Distributing docker image.tar to worker nodes as a ray job

  • High: Need this to work to proceed further
    Hi Ray Community,
    I am starting new with ray for a project and have stumbled upon this requirement.

Only the head node has the internet and network access and all the worker nodes are connected locally to the head node with no internet access. So I cannot docker pull on the worker nodes. I want to distribute the docker image.tar file to all the worker nodes and call docker load < image.tar locally on each of the worker node using docker python SDK.
Copying the tar files to the worker nodes is not an option due to storage limitations on the worker nodes.
Head node: Ubuntu 20.04 (x86_64)
Worker nodes: Ubuntu 18.04 (aarch64)
My solution with just one worker node:
I tried to load the image.tar file handle to the object store on the head node and pass the object ref.
worker_prep_job.py

import ray
import docker
@ray.remote(num_cpus=1)
class Workerprep:
    def __init__(self):
        self.dockerClient = docker.from_env()
    def loadDockerImage(self, img):
        self.dockerClient.images.load(img)
    def startDockerContainer(self):
        self.dockerClient.containers.run(image='arm64v8/python:latest',
                                         auto_remove=True,                                    
                                         detach=True,
                                         name='target',
                                         stdin_open=True,
                                         tty=True
                                         )

ray_master.py

import ray
import worker_prep_job as job1
def main():
    ray.init()
    print(ray.cluster_resources())
    worker_job = job1.Workerprep.remote()
    with open('/home/pca/clusterServer/python.tar', 'rb') as f:
        image_ref = ray.put(f)
        ray.get(worker_job.loadDockerImage.remote(image_ref))
    ray.get(worker_job.startDockerContainer.remote())
if __name__ == "__main__":
    main()

console output:

root@pca2:~# /home/pca/raydev/bin/python /home/pca/clusterServer/ray_master.py
2023-08-15 18:25:23,664 INFO worker.py:1431 -- Connecting to existing Ray cluster at address: 10.0.2.15:6379...
2023-08-15 18:25:23,675 INFO worker.py:1612 -- Connected to Ray cluster. View the dashboard at http://127.0.0.1:8265 
{'CPU': 6.0, 'node:192.168.0.69': 1.0, 'memory': 6057658369.0, 'object_store_memory': 2849485209.0, 'node:10.0.2.15': 1.0, 'node:__internal_head__': 1.0}
Traceback (most recent call last):
  File "/home/pca/clusterServer/ray_master.py", line 13, in <module>
    main()
  File "/home/pca/clusterServer/ray_master.py", line 10, in main
    ray.get(worker_job.loadDockerImage.remote(image_ref))
  File "/home/pca/raydev/lib/python3.8/site-packages/ray/_private/auto_init_hook.py", line 24, in auto_init_wrapper
    return fn(*args, **kwargs)
  File "/home/pca/raydev/lib/python3.8/site-packages/ray/_private/client_mode_hook.py", line 103, in wrapper
    return func(*args, **kwargs)
  File "/home/pca/raydev/lib/python3.8/site-packages/ray/_private/worker.py", line 2493, in get
    raise value.as_instanceof_cause()
ray.exceptions.RayTaskError: ray::Workerprep.loadDockerImage() (pid=7680, ip=192.168.0.69, actor_id=85ac855724338050fd3fe3240f000000, repr=<worker_prep_job.Workerprep object at 0x7f7c72aca0>)
  At least one of the input arguments for this task could not be computed:
ray.exceptions.OwnerDiedError: Failed to retrieve object 00ffffffffffffffffffffffffffffffffffffff0f00000001e1f505. To see information about where this ObjectRef was created in Python, set the environment variable RAY_record_ref_creation_sites=1 during `ray start` and `ray.init()`.
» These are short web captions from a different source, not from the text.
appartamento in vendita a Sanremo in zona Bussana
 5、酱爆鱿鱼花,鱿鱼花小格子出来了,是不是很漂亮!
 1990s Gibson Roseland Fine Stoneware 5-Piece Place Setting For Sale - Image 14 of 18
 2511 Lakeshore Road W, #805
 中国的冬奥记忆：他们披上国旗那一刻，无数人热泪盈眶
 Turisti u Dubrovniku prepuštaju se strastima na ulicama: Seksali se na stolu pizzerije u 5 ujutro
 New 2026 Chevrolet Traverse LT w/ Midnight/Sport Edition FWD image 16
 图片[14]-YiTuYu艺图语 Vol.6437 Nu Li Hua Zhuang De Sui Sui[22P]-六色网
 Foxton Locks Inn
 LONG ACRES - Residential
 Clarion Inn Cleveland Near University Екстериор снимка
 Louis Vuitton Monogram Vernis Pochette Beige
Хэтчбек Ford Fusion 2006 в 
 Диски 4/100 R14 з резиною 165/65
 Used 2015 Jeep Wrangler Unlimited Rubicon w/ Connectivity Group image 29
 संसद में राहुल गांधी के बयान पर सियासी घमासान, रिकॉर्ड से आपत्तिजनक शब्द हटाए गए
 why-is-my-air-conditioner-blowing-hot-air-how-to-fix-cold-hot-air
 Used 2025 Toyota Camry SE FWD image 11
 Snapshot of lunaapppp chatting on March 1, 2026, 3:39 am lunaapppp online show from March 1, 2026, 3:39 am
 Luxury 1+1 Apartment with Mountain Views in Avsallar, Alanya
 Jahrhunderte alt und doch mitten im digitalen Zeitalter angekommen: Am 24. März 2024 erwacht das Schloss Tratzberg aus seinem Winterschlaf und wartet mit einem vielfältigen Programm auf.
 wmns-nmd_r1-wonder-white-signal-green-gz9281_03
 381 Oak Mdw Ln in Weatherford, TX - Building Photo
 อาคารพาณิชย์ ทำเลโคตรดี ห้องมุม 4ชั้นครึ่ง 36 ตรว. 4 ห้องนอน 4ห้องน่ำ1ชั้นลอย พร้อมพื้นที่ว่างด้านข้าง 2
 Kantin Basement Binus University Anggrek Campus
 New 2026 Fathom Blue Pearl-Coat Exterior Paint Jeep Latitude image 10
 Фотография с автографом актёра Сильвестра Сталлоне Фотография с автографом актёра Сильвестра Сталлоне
The object's owner has exited. This is the Python worker that first created the ObjectRef via `.remote()` or `ray.put()`. Check cluster logs (`/tmp/ray/session_latest/logs/*0f000000ffffffffffffffffffffffffffffffffffffffffffffffff*` at IP address 10.0.2.15) for more information about the Python worker failure.

Any help is appreciated. Thanks in advance.

What’s happening if you don’t import Workerprep from job1, but instead you define this class in the ray_master.py? Were you still able to reproduce the issue?